Storm-0558 appeared to have compromised key software architecture used by Microsoft including its Azure cloud computing service and gained access to 25 different organizations including US Government agencies and western European governments. The breach occurred in May and lasted for around a month before being detected.
During this time Storm-0558 focused on data theft, credential access and espionage and is thought to have compromised the email systems of the US State and Commerce departments, as well as the US ambassador to China’s official email account.
Whatever agency spoke, it does not change the fact that the US is the world’s biggest hacking empire and global cyber thief.
- Chinese Foreign Ministry spokesperson Wang Wenbin
In conducting this attack, Storm-0558 appeared to be searching for clues on US intentions towards it on matters like the tensions over Taiwan or the two countries’ trade and technology wars, ahead of a series of trips to China by US officials this year.
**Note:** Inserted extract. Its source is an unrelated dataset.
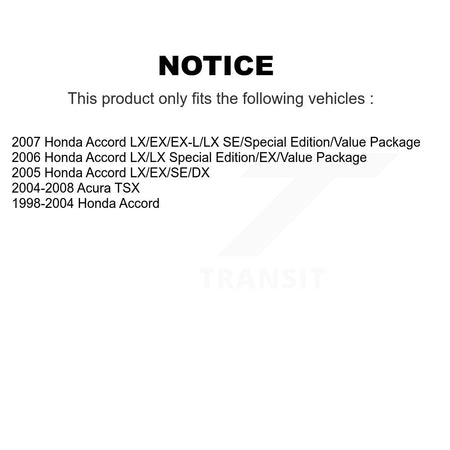 Rear Disc Brake Caliper Left Right Side (Driver Passenger) Kit For Honda Accord Acura TSX KBC-100452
The security breach caused US Secretary of State Antony Blinken in July to warn China’s senior diplomat, Foreign Minister Wang Yi, that Washington would “take appropriate action to hold those responsible accountable”.
However, last month at the Aspen Security Forum the National Security Agency’s head of cybersecurity Rob Joyce described the operation as traditional espionage. The Volt Typhoon threat group meanwhile has been active since at least mid-2021 and Microsoft classified it in May as typically focused on espionage and information gathering, like Storm-0558. However, the group’s latest campaign alarmed security researchers and US intelligence officials when it was first uncovered earlier this summer, revealing an apparent shift in Chinese strategy from surveillance to critical systems disruption.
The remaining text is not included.